[PATCH v2] drm: Get ref on CRTC commit object when waiting for flip_done
Wentland, Harry
Harry.Wentland at amd.com
Thu Oct 18 18:48:15 UTC 2018
On 2018-10-18 1:38 p.m., Wentland, Harry wrote:
> On 2018-10-16 11:48 a.m., Alex Deucher wrote:
>> On Tue, Oct 16, 2018 at 11:00 AM Li, Sun peng (Leo) <Sunpeng.Li at amd.com> wrote:
>>>
>>>
>>>
>>> On 2018-10-16 08:33 AM, Daniel Vetter wrote:
>>>> On Mon, Oct 15, 2018 at 09:46:40AM -0400, sunpeng.li at amd.com wrote:
>>>>> From: Leo Li <sunpeng.li at amd.com>
>>>>>
>>>>> This fixes a general protection fault, caused by accessing the contents
>>>>> of a flip_done completion object that has already been freed. It occurs
>>>>> due to the preemption of a non-blocking commit worker thread W by
>>>>> another commit thread X. X continues to clear its atomic state at the
>>>>> end, destroying the CRTC commit object that W still needs. Switching
>>>>> back to W and accessing the commit objects then leads to bad results.
>>>>>
>>>>> Worker W becomes preemptable when waiting for flip_done to complete. At
>>>>> this point, a frequently occurring commit thread X can take over. Here's
>>>>> an example where W is a worker thread that flips on both CRTCs, and X
>>>>> does a legacy cursor update on both CRTCs:
>>>>>
>>>>> ...
>>>>> 1. W does flip work
>>>>> 2. W runs commit_hw_done()
>>>>> 3. W waits for flip_done on CRTC 1
>>>>> 4. > flip_done for CRTC 1 completes
>>>>> 5. W finishes waiting for CRTC 1
>>>>> 6. W waits for flip_done on CRTC 2
>>>>>
>>>>> 7. > Preempted by X
>>>>> 8. > flip_done for CRTC 2 completes
>>>>> 9. X atomic_check: hw_done and flip_done are complete on all CRTCs
>>>>> 10. X updates cursor on both CRTCs
>>>>> 11. X destroys atomic state
>>>>> 12. X done
>>>>>
>>>>> 13. > Switch back to W
>>>>> 14. W waits for flip_done on CRTC 2
>>>>> 15. W raises general protection fault
>>>>>
>>>>> The error looks like so:
>>>>>
>>>>> general protection fault: 0000 [#1] PREEMPT SMP PTI
>>>>> **snip**
>>>>> Call Trace:
>>>>> lock_acquire+0xa2/0x1b0
>>>>> _raw_spin_lock_irq+0x39/0x70
>>>>> wait_for_completion_timeout+0x31/0x130
>>>>> drm_atomic_helper_wait_for_flip_done+0x64/0x90 [drm_kms_helper]

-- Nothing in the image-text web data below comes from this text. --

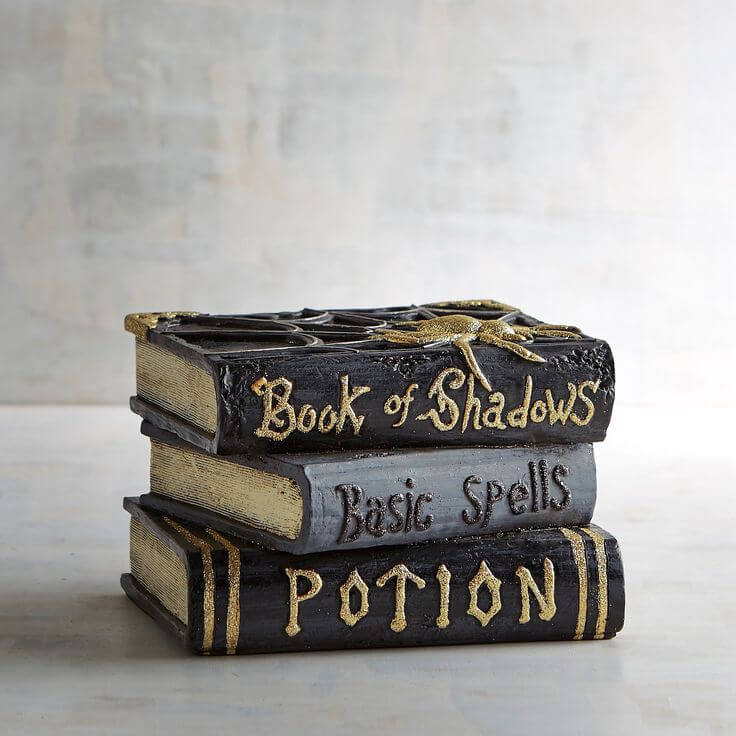 10 Witchcraft Tools You Need In Your Arsenal - Witchcraft Tools - Magick Witchcraft Tools - book of shadows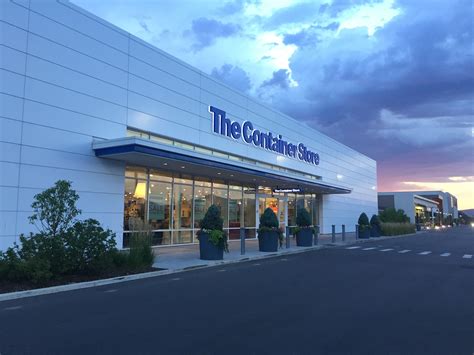 The Container Store - TC Retail Group
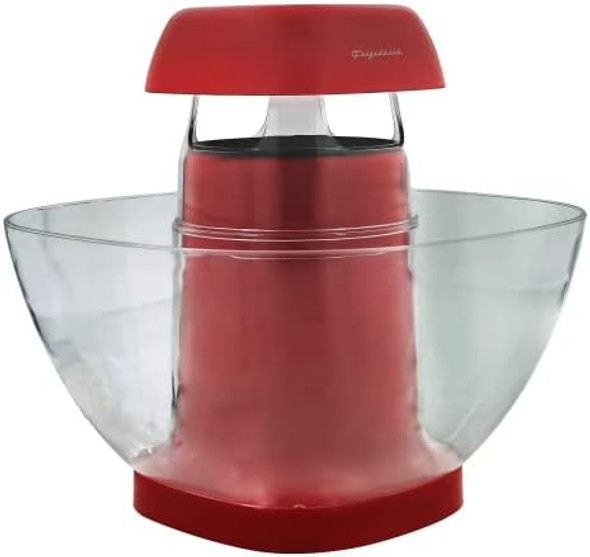 Frigidaire Epm111-Red Retro Hot Air Popcorn Popper/Maker Red Frigidaire Epm111-Red Retro Hot Air Popcorn Popper/Maker Red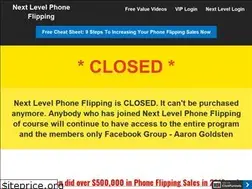 Sites similar to nextlevelphoneflipping.com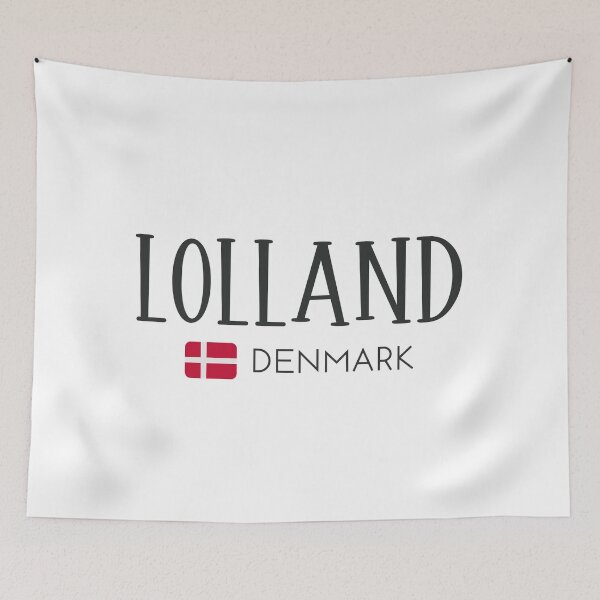 Item preview, Lolland - Denmark  designed and sold by StudioRedKoala.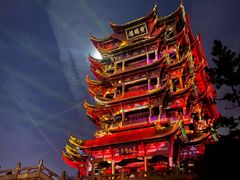 -黄鹤楼公园(黄鹤楼)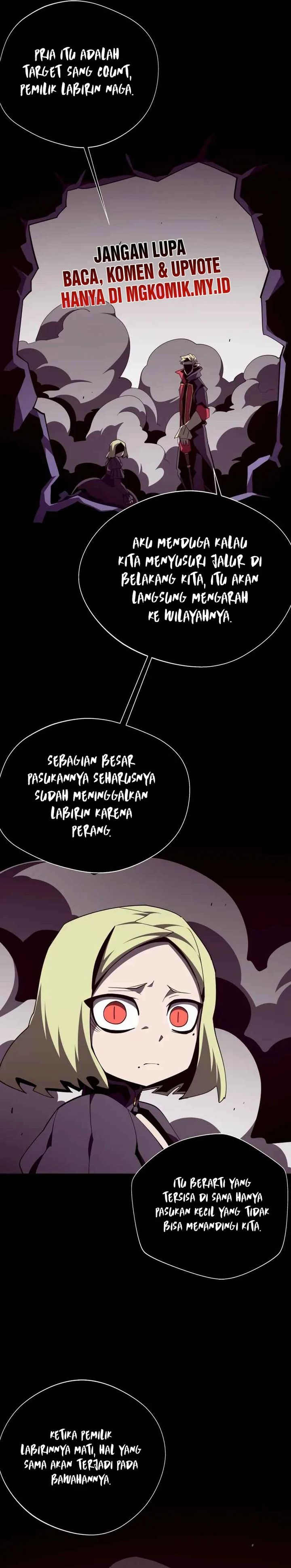 Dungeon Odyssey Chapter 141 Gambar 5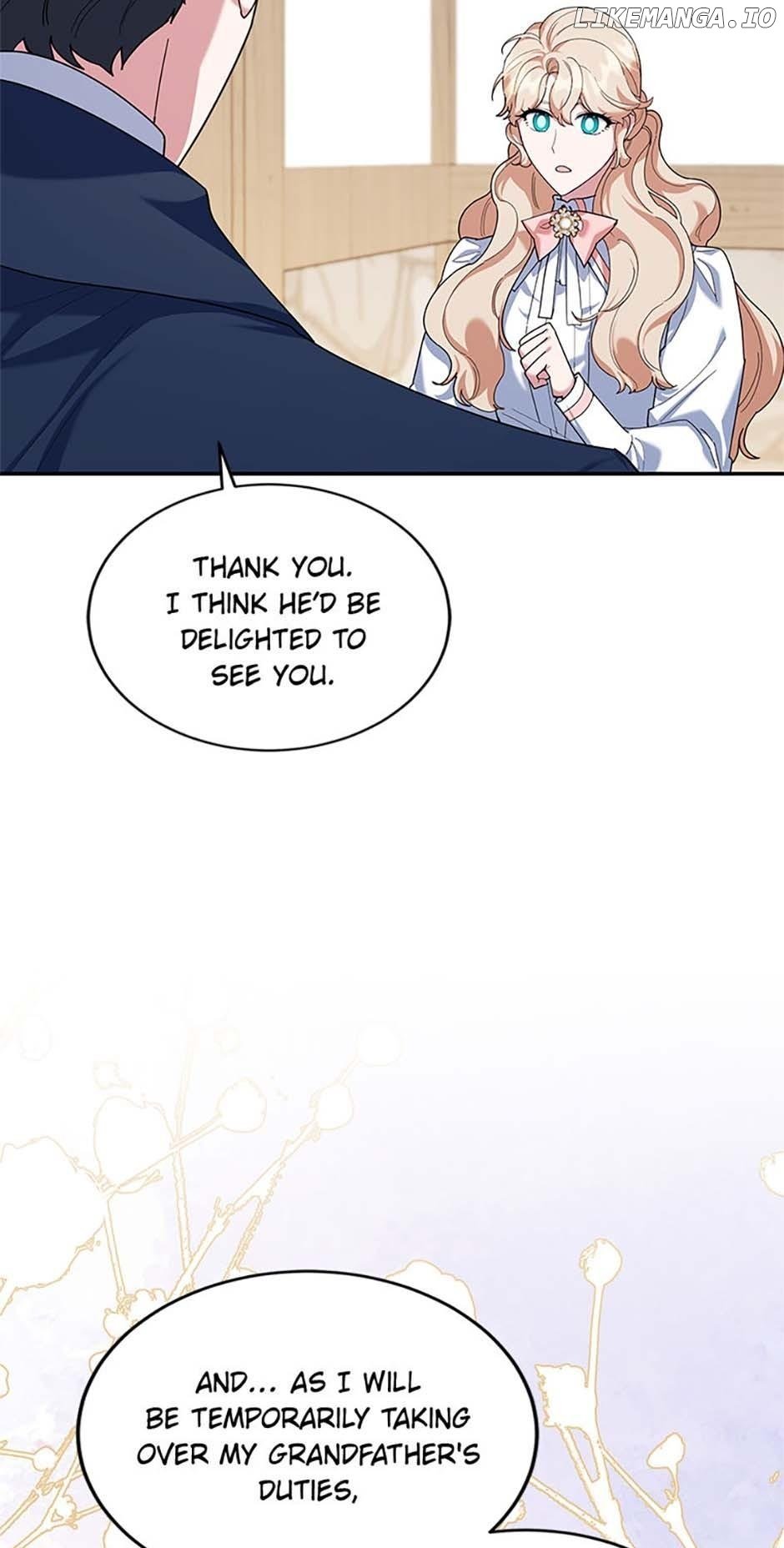 A Divorced Evil Lady Bakes Cakes Chapter 81 - Page 4
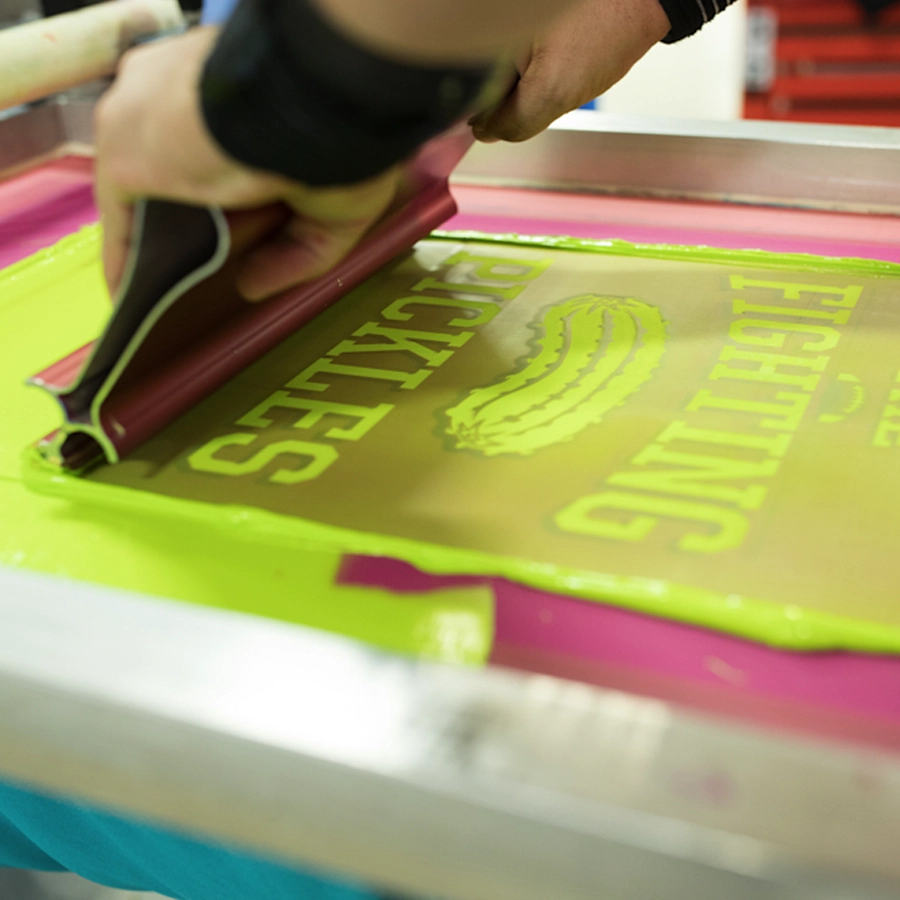 Screen Printing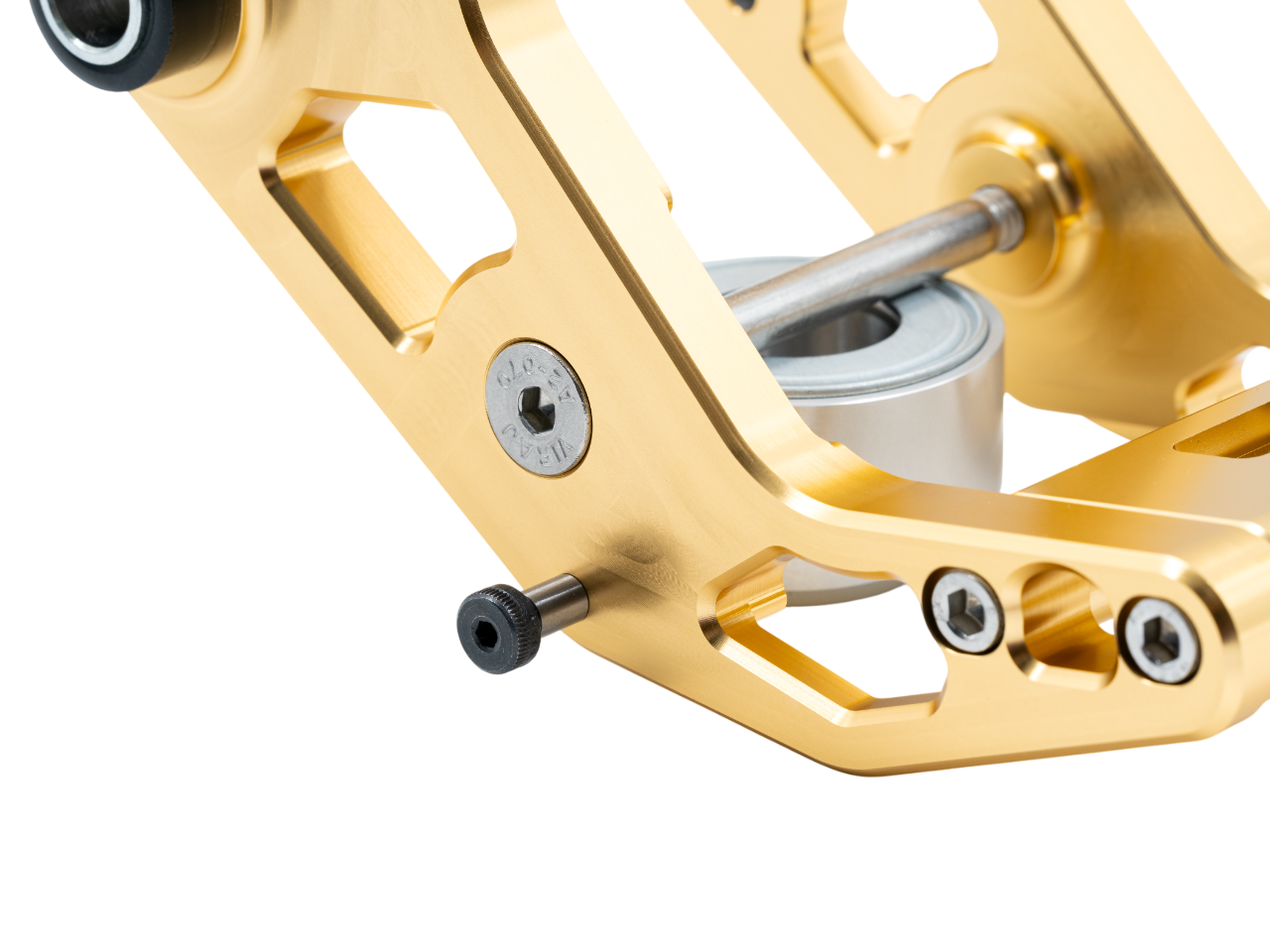 CNC Motorhalter V2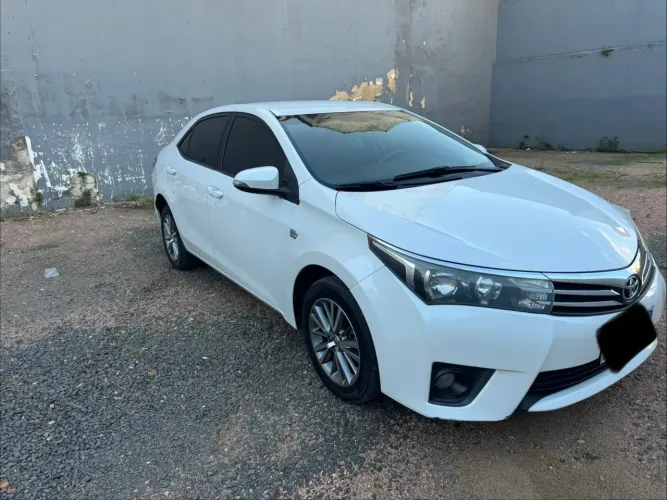 Toyota Corolla XEI 2.0 Flex 16V Aut. 2016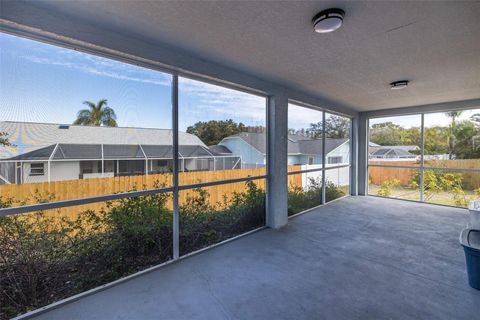 A home in TARPON SPRINGS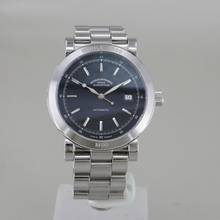 Thumbnail von Mühle Glashütte City 99 Automatic men's watch Ref M 99 The City Automatic Ø 40 mm stainless steel full set top condition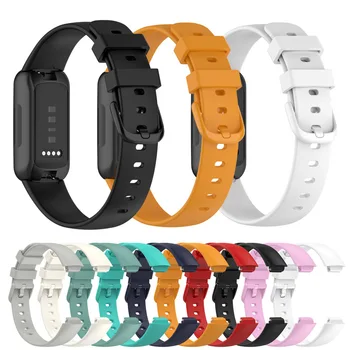 Гривна-каишка за смарт часа Fitbit inspire 3, преносими ръчни smart-часовници, спортни аксесоари за подмяна на маншет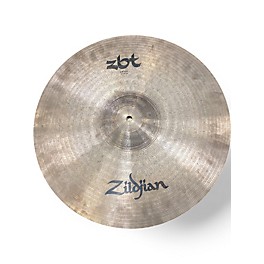 Used Zildjian 18in ZBT Crash Cymbal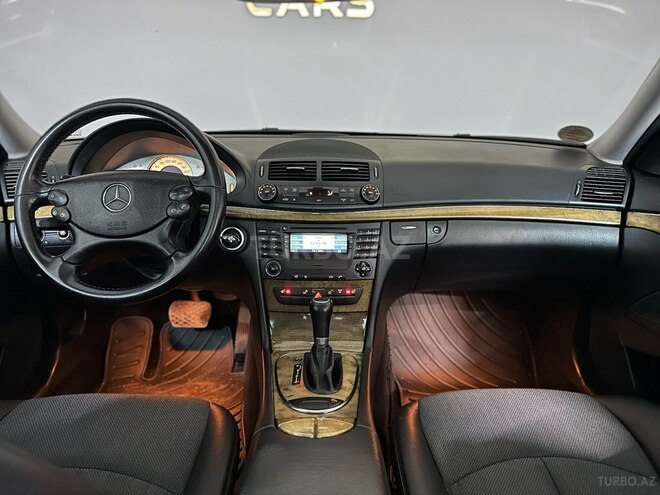 Mercedes E 200 2007, 220,000 km - 2.0 l - Bakı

>>>>> amdgpu_dm_atomic_commit_tail+0xcae/0xdd0 [amdgpu]
>>>>> commit_tail+0x3d/0x70 [drm_kms_helper]
>>>>> process_one_work+0x212/0x650
>>>>> worker_thread+0x49/0x420
>>>>> kthread+0xfb/0x130
>>>>> ret_from_fork+0x3a/0x50
>>>>> Modules linked in: x86_pkg_temp_thermal amdgpu(O) chash(O)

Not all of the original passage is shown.